» **EXERCISE DETAILS**
Across the whole listing, return each line exactly, with no images included.
*** Opening DATASET SECTION ***
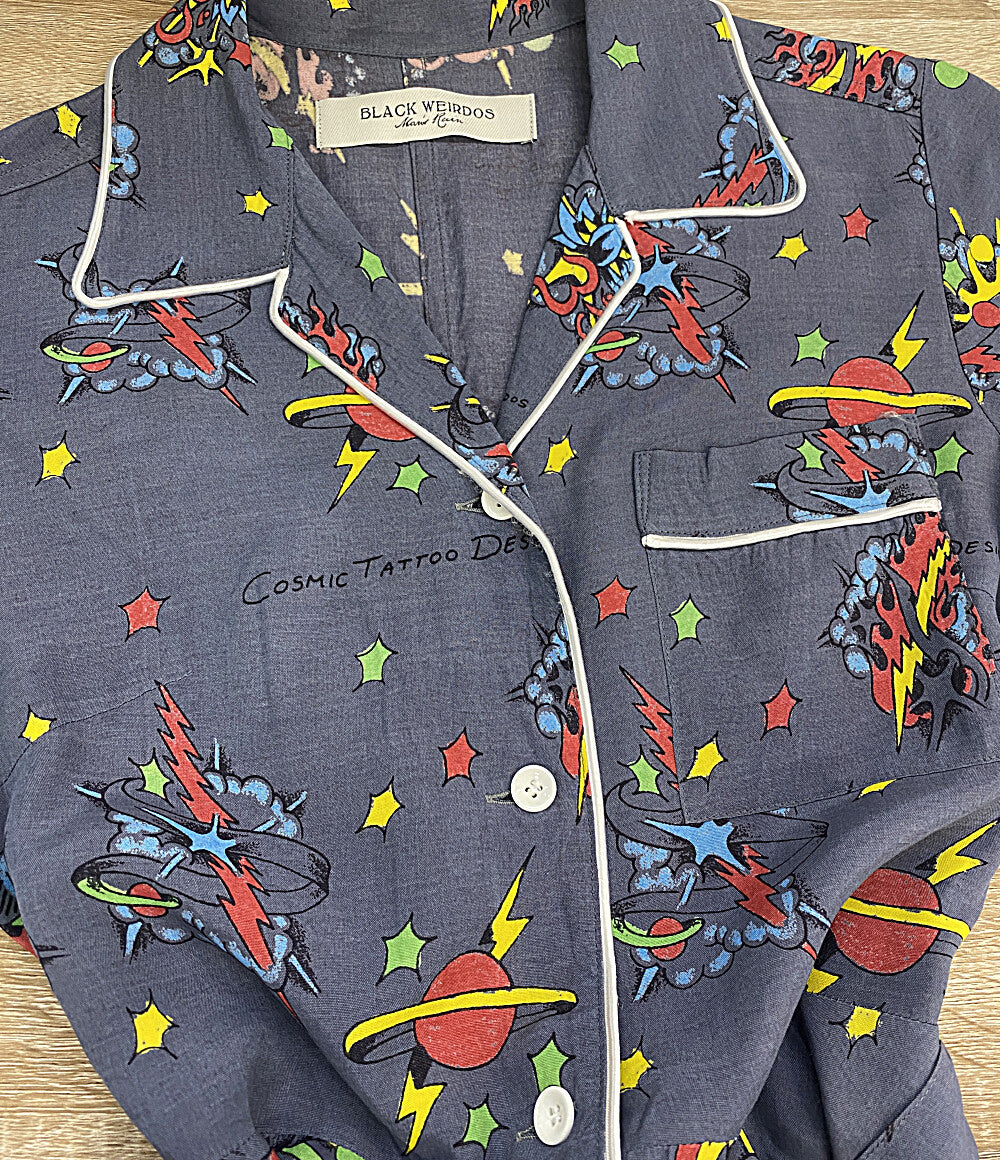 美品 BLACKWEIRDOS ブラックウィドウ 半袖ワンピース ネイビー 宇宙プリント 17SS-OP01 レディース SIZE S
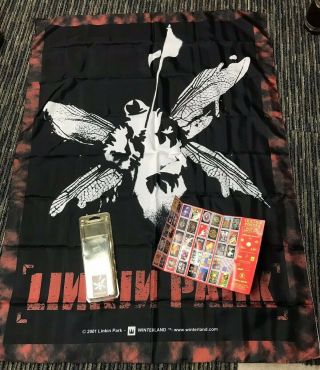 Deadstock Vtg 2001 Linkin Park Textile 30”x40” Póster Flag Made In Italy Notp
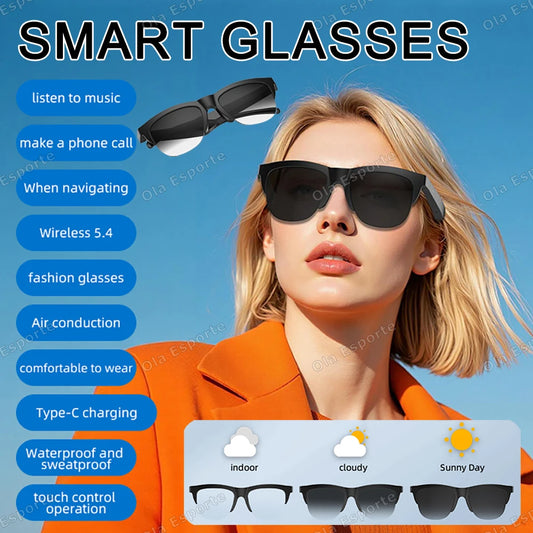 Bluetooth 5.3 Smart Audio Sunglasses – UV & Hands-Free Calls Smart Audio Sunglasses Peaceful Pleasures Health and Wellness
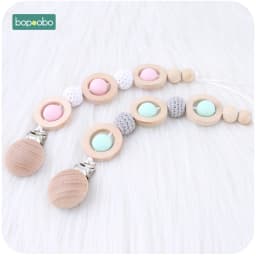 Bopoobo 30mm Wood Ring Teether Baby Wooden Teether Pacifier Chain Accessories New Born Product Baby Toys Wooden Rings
*** Closing DATASET SECTION ***
» **EXERCISE SOLUTION**
 美品 BLACKWEIRDOS ブラックウィドウ 半袖ワンピース ネイビー 宇宙プリント 17SS-OP01 レディース SIZE S
 Deadstock Vtg 2001 Linkin Park Textile 30”x40” Póster Flag Made In Italy Notp
 Bluetooth 5.3 Smart Audio Sunglasses – UV & Hands-Free Calls Smart Audio Sunglasses Peaceful Pleasures Health and Wellness
 Bopoobo 30mm Wood Ring Teether Baby Wooden Teether Pacifier Chain Accessories New Born Product Baby Toys Wooden Rings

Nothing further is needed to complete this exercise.